El abuelo ve que las manos siguen pulsando las teclas, oye surgir el chorro del sonido, lo siente extenderse indefinidamente, siente cómo va desparramándose sobre la llanura y va trepando del otro lado las montañas, y las notas resbalan sobre los tejados de la ciudad más antigua, y entran en las bóvedas entre las osamentas de los cautivos, y pasan a los palacios carcomidos en los cuales se abre la flor del inquilinato, el estigma de la casa de vecindad, el dolor de la pobreza, pero están en las gradas del poder, donde el Presidente en guerra fulmina contra los partidos expósitos el rayo del decreto, y están en la orilla del mar navegando en las goletas costeras y en la selva verde cruzada de pájaros, jaguares y serpientes, y en la puesta del sol, sobre las cimas de los Andes, al lado de la soledad cimarrona, y en la nieve extinta de los volcanes muertos.

Ferozmente, dulcemente, la espuma de las notas se arremolina con la velocidad del sonido y en éste va rodando, y se detiene en los caballos amarrados de los troperos sedientos, y baja a las trincheras de la guerra, a servirle de almohada a los muertos del pueblo, y está ante una pareja trenzada para engendrar un hijo, y suena en la celda de un monje que se flagela ardiendo de pecado, y está enredada en un balcón y retorcida en una callejuela y si el abuelo mira y escucha, sabe que está aquí, allá, muy lejos, que la música en este segundo cubre todos los espacios que puede abarcar su pensamiento y que es la misma música, en el mismo instante, que abarca ciudades y campos, hombres y mujeres, animales y desesperación, árboles y tranquilidad, cielo y tierra, y nadie sabe hasta dónde en este propio minuto alcanza a ir sonando esta música, entre balazos, entre risas, entre gritos de dolor, y el abuelo no sabe si es antes o después, sino que la música está en todas partes y sigue sonando y el tiempo es otra cosa, y la música está extendida, en este momento del mundo, y ahora oigo yo las notas, me siento incómodo dentro de la levita del abuelo y ahorcado con el cuello de pajarita, miro la madera oscura, sé que es el mismo piano que llegó a la casa del alemán, pero nunca estuvo allí, porque estuvo viajando para ver esta ciudad naciente. Pero el abuelo sabe —yo sé— que es el mismo, sin duda, porque en el flanco derecho tiene la huella del pistoletazo que mató a un hombre, y que ocasionó que fuese vendido en la subasta de Hamburgo.

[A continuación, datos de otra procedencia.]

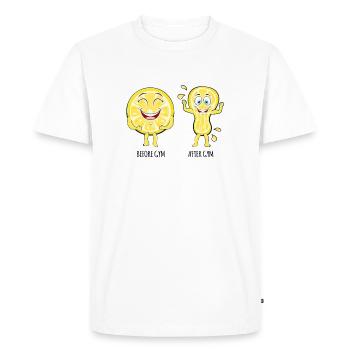 Before Gym After Gym Lemon - Men's Premium Organic T-Shirt - white - Front - Nico (187cm)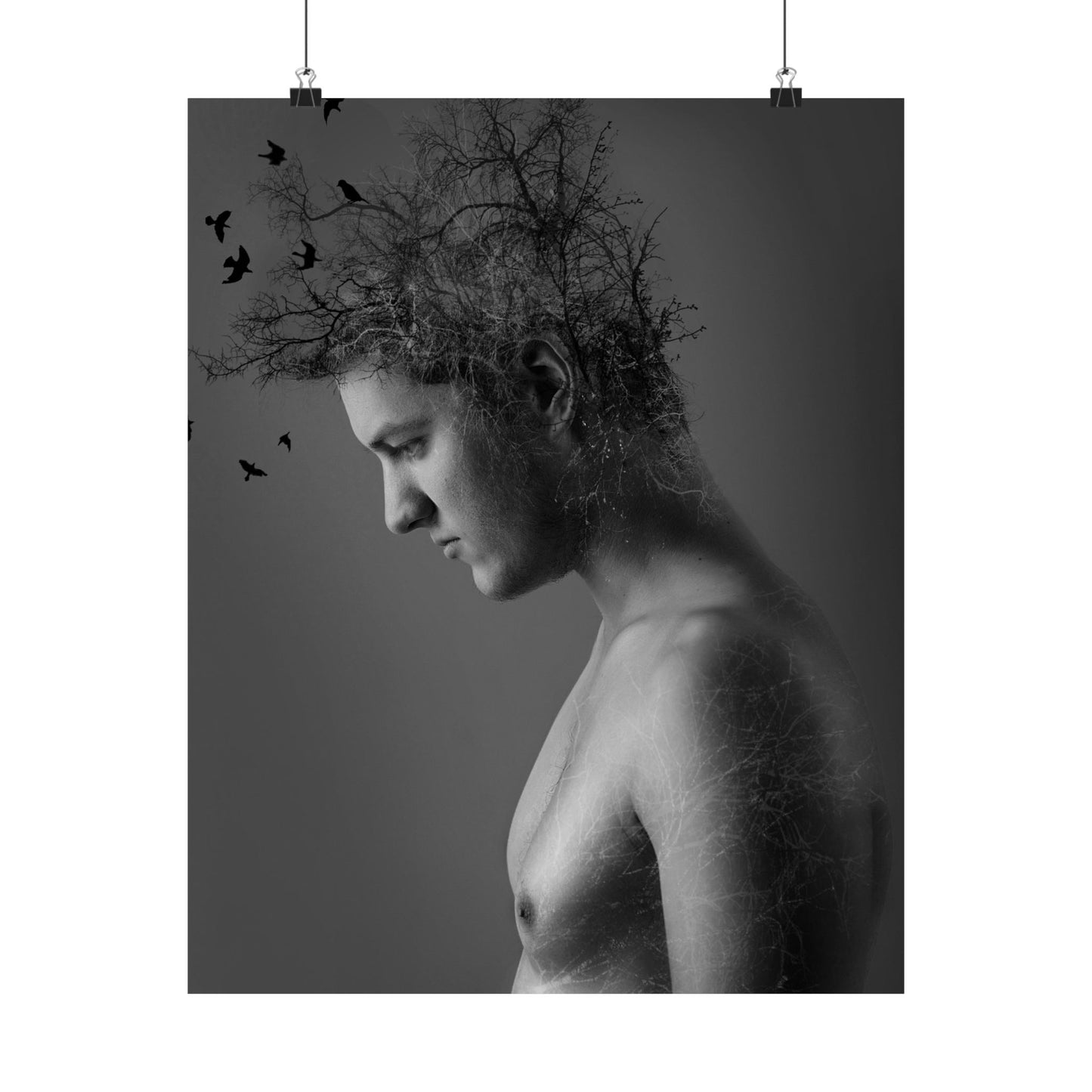 Inspirational Nature Art Print - Black and White Motivational Wall Decor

Y el abuelo sabe que ahora el piano va a continuar su viaje.

FIN

Pedro Gómez Valderrama. Escritor y diplomático colombiano, Pedro Gómez Valderrama desarrolló su carrera como embajador en países como España o la URSS.

Gómez Valderrama destacó también en el ámbito cultural gracias a su participación en iniciativas como la revista Mito. En lo narrativo, su obra es conocida gracias a novelas como La nave de los locos o La otra raya del tigre.